En 1990 et 1991, alors qu’Édouard Glissant résidait à Baton Rouge et était professeur à l’université d’état de Louisiane, nous nous réunîmes à intervalles plus ou moins réguliers pour dialoguer. De ces entretiens, qui s’étendirent sur une année, est extrait ce texte dans lequel Édouard Glissant passe en revue et resitue les arêtes majeures de sa pensée.

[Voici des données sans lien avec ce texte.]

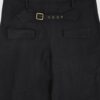 Trousers with overlapping pleats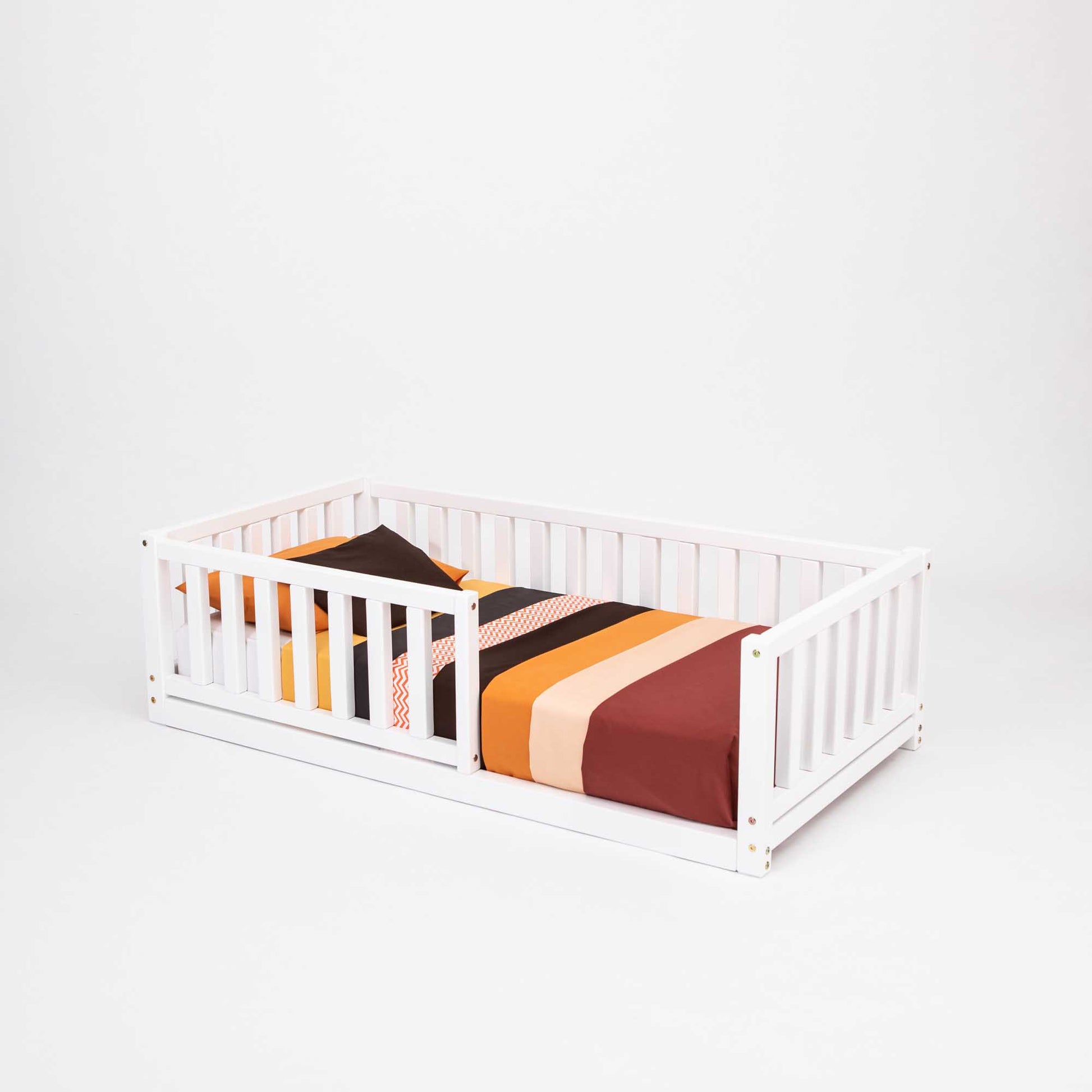 A long-lasting 2-in-1 toddler bed on legs with a vertical rail fence made of solid pine, with striped sheets covering it by Sweet Home From Wood.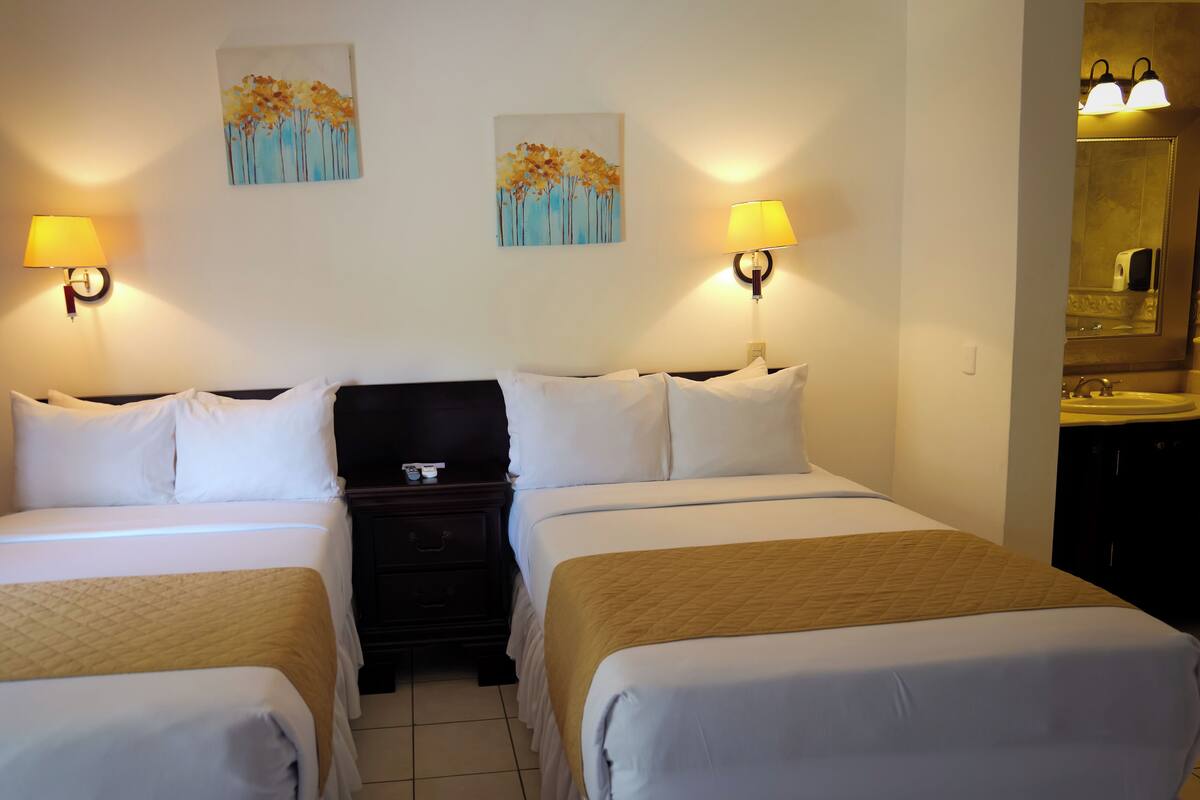 A hotel room with two beds, a nightstand, and a bathroom with a sink and mirror.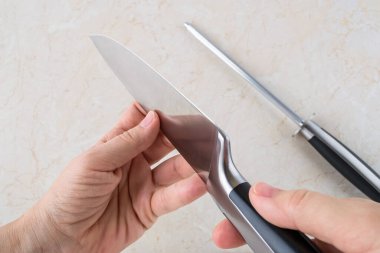 Kadın elleri bileme çeliğini kullandıktan sonra profesyonel şef bıçağını kontrol ediyor. Yüksek karbonlu molibdenum vanadyum çelikten yapılmış modern mutfak aletleri. Üst görünüm. 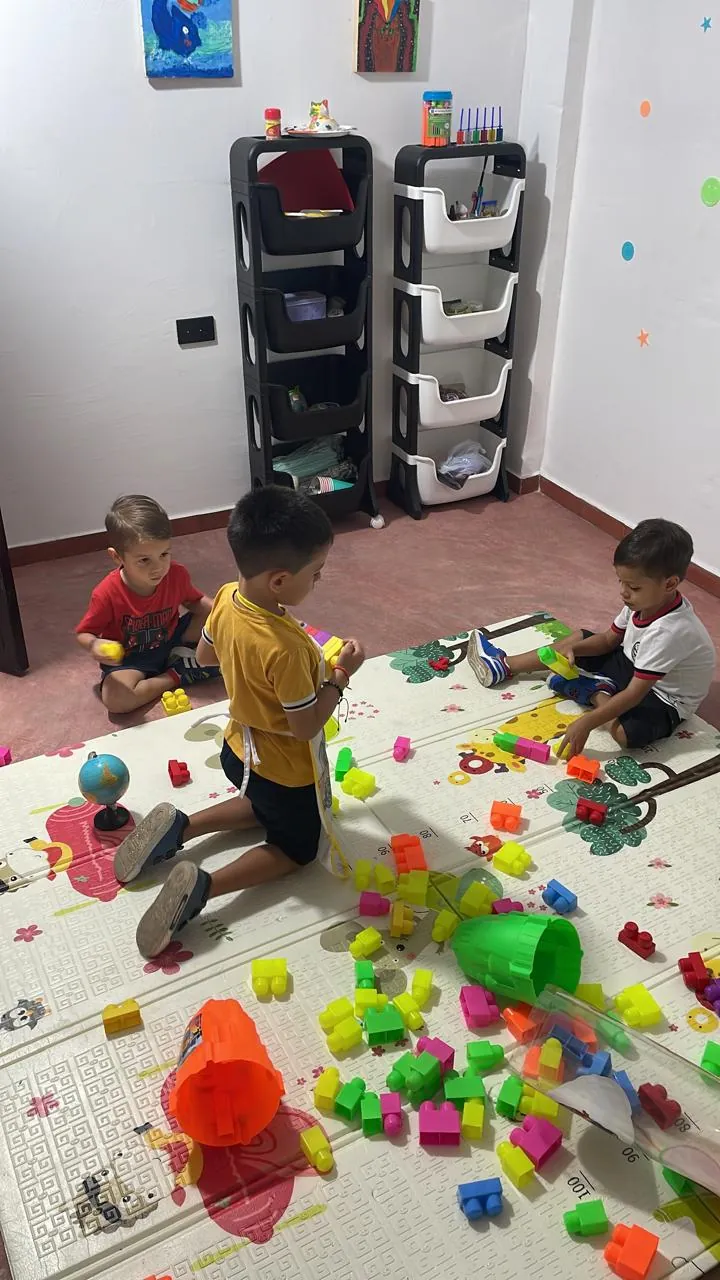 Niñas y niños jugando con bloques de colores en la ludoteca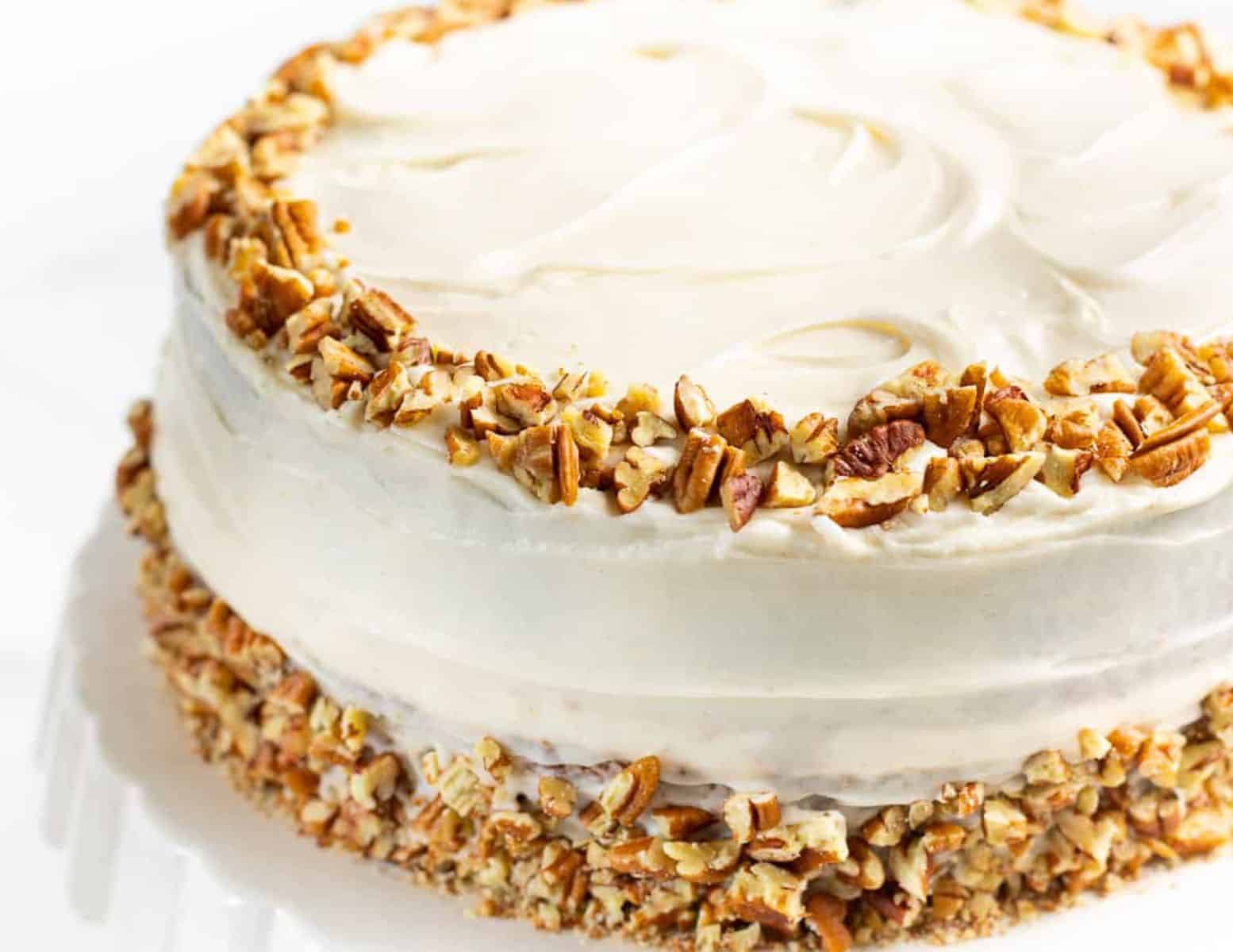 close up of a frosted cake decorated with chopped pecans. 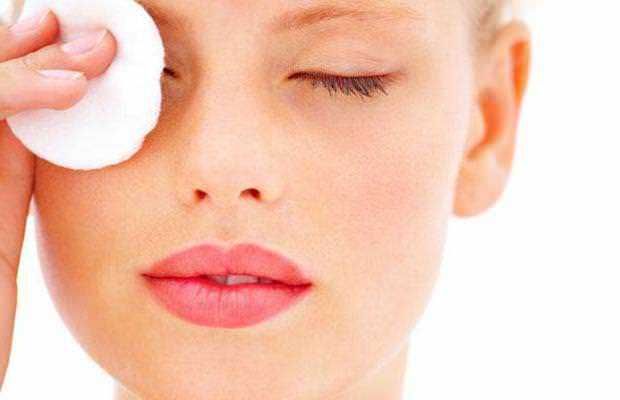 Magnifica immagine di una donna che si prende cura della pelle del viso con un batuffolo di cotone, ideale per contenuti di bellezza e skincare.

En dépit de leur ancienneté, les dits de Glissant n’ont rien perdu de leur fraîcheur. Répondant au médiéviste que j’étais alors, l’écrivain contraste la poétique médiévale de la relation avec celle de notre modernité et en précise les différences. Sur le frottement mondial des langues, des peuples et des cultures, sur l’émergence des états-nations, sur la décolonisation, sur la question de l’identité, Édouard Glissant nous livre ici le fond de sa pensée, fondée sur un coup de génie inaugural, qui n’est autre que de s’approprier poétiquement la symbolique de la mondialisation contemporaine, pour en extraire la cristallisation lyrique.

Alexandre Leupin

Édouard Glissant : La notion de centre et de périphérie, il me semble que je l’ai abordée pour la première fois dans mon premier roman, La Lézarde, où, pour parler de la France et de Paris et du gouvernement de Paris j’emploie le mot “centre” avec un C majuscule.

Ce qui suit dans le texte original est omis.